Звездочка моя! | страница 66



Моя очередь. Мистер Робертс бодро мне улыбнулся:

— Доля, теперь ты. Не передумала еще петь песню Дэнни Килмана?

— Нет.

— Тебе нужна фонограмма?

— Нет.

Он расцвел:

— Тогда, может быть, согласишься, чтобы я тебе подыграл на гитаре?

Нет, нет, нет!

— Если вы не против, мистер Робертс, я бы все-таки спела одна, как и собиралась. Гитара меня будет… будет отвлекать, — ответила я с запинкой.

— Очень хорошо. Но на выступление тебе точно понадобится фонограмма. Это трудная песня для исполнения а капелла[2].

Я не поняла, что он сказал. Короче, в гробу я видала его скрипучую гитару, которая испоганит мне всю песню. И фонограмма мне тоже не нужна. Песню «Сладкая ты моя доля» я слушаю почти каждый день на протяжении всей жизни. Я знаю каждую ноту наизусть, и все оттенки мне знакомы так же хорошо, как мое дыхание.

Мистер Робертс все еще сомневается. Мальчишки заскучали, девчонки вот-вот начнут хихикать. Ангелина зевает, раскачиваясь на стуле. Внезапно к горлу подкатила тошнота. Во-первых, сейчас все надо мной будут смеяться, во-вторых, завалю песню Дэнни.

«Это песня твоего отца», — стучит в голове мамин голос.

Я закрыла глаза. Я спою для нее. Открываю рот. Начинаю. С первой же строчки, «Сладкая ты моя доля», я вся ушла в мелодию, улетела на другую планету, я чувствую каждое слово, взлет и падение текста, меня пробирает дрожь, и я выдыхаю из себя песню до самой ее последней, красивой и длинной ноты.

Тишина.

Открываю глаза.
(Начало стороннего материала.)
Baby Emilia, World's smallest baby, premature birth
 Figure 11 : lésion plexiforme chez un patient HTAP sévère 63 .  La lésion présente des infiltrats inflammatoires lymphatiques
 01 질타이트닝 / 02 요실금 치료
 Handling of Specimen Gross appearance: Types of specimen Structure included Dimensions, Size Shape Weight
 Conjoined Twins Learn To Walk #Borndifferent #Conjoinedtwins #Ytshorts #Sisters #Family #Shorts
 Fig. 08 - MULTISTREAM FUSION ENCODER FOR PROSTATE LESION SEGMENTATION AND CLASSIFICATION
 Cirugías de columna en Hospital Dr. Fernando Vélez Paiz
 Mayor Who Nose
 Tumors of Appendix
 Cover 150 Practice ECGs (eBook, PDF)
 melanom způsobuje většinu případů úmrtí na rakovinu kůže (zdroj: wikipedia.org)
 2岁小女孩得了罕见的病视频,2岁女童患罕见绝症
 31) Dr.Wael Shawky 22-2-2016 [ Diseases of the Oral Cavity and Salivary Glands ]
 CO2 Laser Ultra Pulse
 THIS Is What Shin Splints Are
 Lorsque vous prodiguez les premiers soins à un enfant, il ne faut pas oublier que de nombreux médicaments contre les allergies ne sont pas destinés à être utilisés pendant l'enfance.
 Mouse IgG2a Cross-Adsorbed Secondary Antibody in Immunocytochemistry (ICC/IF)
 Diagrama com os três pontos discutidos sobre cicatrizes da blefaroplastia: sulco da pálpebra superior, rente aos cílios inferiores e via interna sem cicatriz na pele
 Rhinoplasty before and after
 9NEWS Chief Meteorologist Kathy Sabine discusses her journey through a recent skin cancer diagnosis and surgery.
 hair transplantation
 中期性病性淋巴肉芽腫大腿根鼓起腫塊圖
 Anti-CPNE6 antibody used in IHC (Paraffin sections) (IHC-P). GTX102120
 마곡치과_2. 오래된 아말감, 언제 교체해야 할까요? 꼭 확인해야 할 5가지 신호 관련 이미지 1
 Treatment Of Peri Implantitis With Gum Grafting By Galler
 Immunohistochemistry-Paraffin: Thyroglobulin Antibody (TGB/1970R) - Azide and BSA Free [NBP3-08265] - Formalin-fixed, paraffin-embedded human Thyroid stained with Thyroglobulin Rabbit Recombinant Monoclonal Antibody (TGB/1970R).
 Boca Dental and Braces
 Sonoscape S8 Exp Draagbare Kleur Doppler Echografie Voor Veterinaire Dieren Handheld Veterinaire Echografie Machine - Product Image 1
Все смотрят на меня. Меня бросило в жар. Лицо заливает румянцем. Ну все, точно опозорилась. До моего выступления хлопали всем. Даже Фареду и Ханне, провалившимся с треском.

Но почему они с таким изумлением смотрят на меня?

Первой захлопала миссис Эвери. Она даже встала и аплодирует. Следом за ней захлопали другие. Мистер Робертс тоже, но сбивчиво, не в такт, как будто внезапно растерял свои ладони.

— Господи, Доля, почему ты не говорила! — наконец произнес он, почти со злостью.

Я уставилась на него. О чем не говорила?

— О том, что у тебя просто потрясающий голос.

Он не сводит с меня глаз, будто все еще не может в это поверить.

— Ты никогда так раньше не пела. Почему на уроках музыки ты все время молчишь?

Я пожала плечами.

— Доля, я потрясен. Советовать мне нечего. Пой, как только что спела. Вкладывай всю свою душу.

Не могу дождаться конца репетиции, чтобы все рассказать маме. Я могу петь, могу петь, могу петь! Конечно, я всегда знала, что петь я умею. Мама считает, что я унаследовала папин голос, но я пою совсем не так, как Дэнни Килман. Наверное, у меня все-таки мамин голос. Мы очень часто с ней поем ради смеха, когда пыль убираем, когда украшаем дом или натираем полы.